These recordings of twentieth-century American authors interpreting their own works were highly praised when first released in the 1960s. Today the cultural and historical value of these recordings makes them an essential part of our literary heritage.

In this collection, James Baldwin reads from Giovanni's Room and Another Country, exploring the challenges of being black and gay in mid-twentieth century America. William Styron reads about a disabled child finding brief moments of joy in Lie Down in Darkness, his novel about a troubled Southern family. James Jones reads the most famous passage from his celebrated World War II novel, From Here to Eternity. And Philip Roth does a hilarious comic turn in a bizarre scene from his early novel, Letting Go.

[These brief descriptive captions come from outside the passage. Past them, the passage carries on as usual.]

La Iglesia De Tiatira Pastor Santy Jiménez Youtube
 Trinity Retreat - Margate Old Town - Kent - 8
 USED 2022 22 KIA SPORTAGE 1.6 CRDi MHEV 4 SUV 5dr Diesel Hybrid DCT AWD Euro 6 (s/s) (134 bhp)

Additionally, Nelson Algren reads from his most famous novel, The Man with the Golden Arm, about the decline and fall of a drug dealer and card sharp. Bernard Malamud's devastating selection from The Magic Barrel portrays poor, embittered old Jews who achieve a moment of grace after fierce antagonism. In John Updike's story from Pigeon Feathers and Other Stories, a seminary student working as a lifeguard draws a witty and lyrical contrast between saving souls and bodies. And James Jones' account of a World War II battle in Japan in The Thin Red Line shows young soldiers at their most heroic and perilous moments.

About the author

John Updike was born in 1932, in Shillington, Pennsylvania. He graduated from Harvard College in 1954, and spent a year in Oxford, England, at the Ruskin School of Drawing and Fine Art. From 1955 to 1957 he was a member of the staff of The New Yorker, and since 1957 has lived in Massachusetts. He is the author of fifty-odd previous books, including twenty novels and numerous collections of short stories, poems, and criticism. His fiction has won the Pulitzer Prize, the National Book Award, the American Book Award, the National Book Critics Circle Award, the Rosenthal Award, and the Howells Medal.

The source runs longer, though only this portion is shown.